Jak podaje „Die Welt”, od kilku lat Turcja objęta jest działalnością niemieckiego wywiadu. Federalna Służba Wywiadowcza (BND) ma inwigilować tureckich polityków, których władze w Ankarze  podejrzewają o to, że uruchomiły wojskowy program jądrowy.

Jak przekonuje gazeta, w ostatnim czasie coraz więcej poszlak wskazuje na to, że premier Turcji Recep Tayyip Erdogan dąży (wzorem Iranu), do posiadania bomby atomowej. To z kolei może doprowadzić do wyścigu zbrojeń w regionie.
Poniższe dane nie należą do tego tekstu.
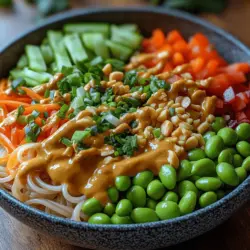 Die Erdnuss-Nudel-Gemüse-Bowls sind nicht nur ein Fest für die Augen, sondern auch eine wahre Geschmacksexplosion. Dieses Gericht vereint die köstlichen Aromen von frischem Gemüse, zarten Reisnudeln und einer cremigen Erdnusssoße in einer bunten und gesunden Mahlzeit. Die Kombination aus knackigem Gemüse, proteinreichen Edamame und der herzhaften Erdnussbutter macht diese Bowls zu einer idealen Wahl für alle, die auf eine ausgewogene Ernährung achten, ohne dabei auf Genuss zu verzichten.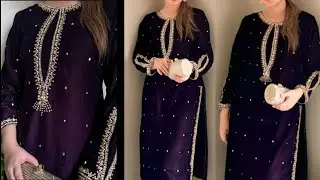 Most Viral Velvet outfit ✨️🥀 neckline Embroidery 😍 Trending Outfit Design | Beads work | 2025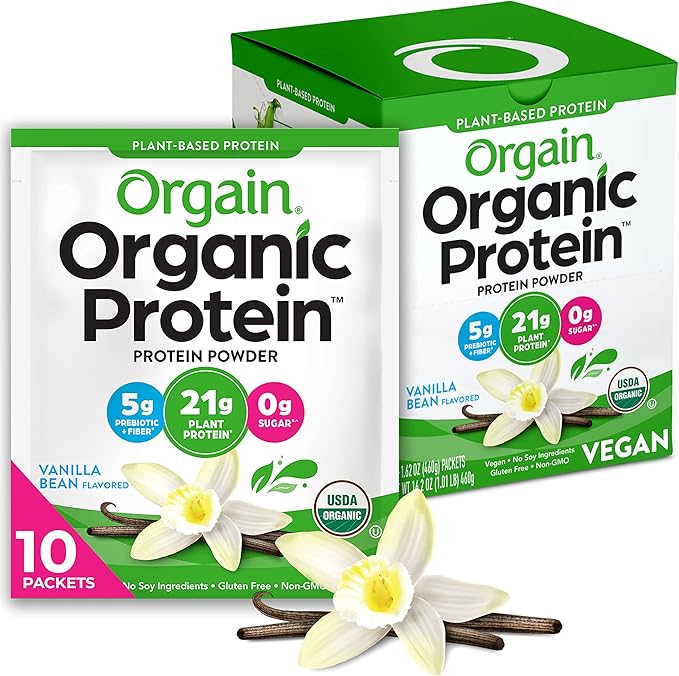 Orgain Organic Vegan Protein Powder, Vanilla Bean - 21g Plant Protein, 5g Prebiotic Fiber, Low Carb, No Lactose Ingredients, No Added Sugar, Non-GMO, For Shakes & Smoothies, 10 Travel Packs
Pod tym względem panuje zgoda wśród przedstawicieli zachodnich wywiadów. Turcja uruchomiła niedawno cywilny program atomowy i pod tą przykrywką, tak jak zrobił to Iran, zamierza pracować nad rozwinięciem wojskowej technologii jądrowej” – pisze „Die Welt”.

W 2011 r. władze w Ankarze postanowiły wprowadzić energetykę jądrową, z której dotąd Turcja nie korzystała. Mają powstać trzy duże elektrownie atomowe, rozmieszczone w strategicznym trójkącie: na południu nad Morzem Śródziemnym, na północy w części azjatyckiej nad Morzem Czarnym i nad Morzem Czarnym, w części europejskiej, nieopodal Stambułu.

Budową jednego z reaktorów ma się zająć państwowa rosyjska spółka Rosatom, budową dwóch pozostałych konsorcjum francusko-japońskie. Według gazety Turcja nie uzgodniła jednak z Rosatomem i francusko-japońskim konsorcjum dostaw uranu, ani zwrotu zużytych prętów paliwowych.

Zdaniem „Die Welt” oznacza to, że Turcja chce zachować kontrolę nad tą częścią programu atomowego. Według gazety, jest to niezbędne, gdy chce się tworzyć broń jądrową, bo umożliwia to szybką zamianę cywilnego programu atomowego na wojskowy.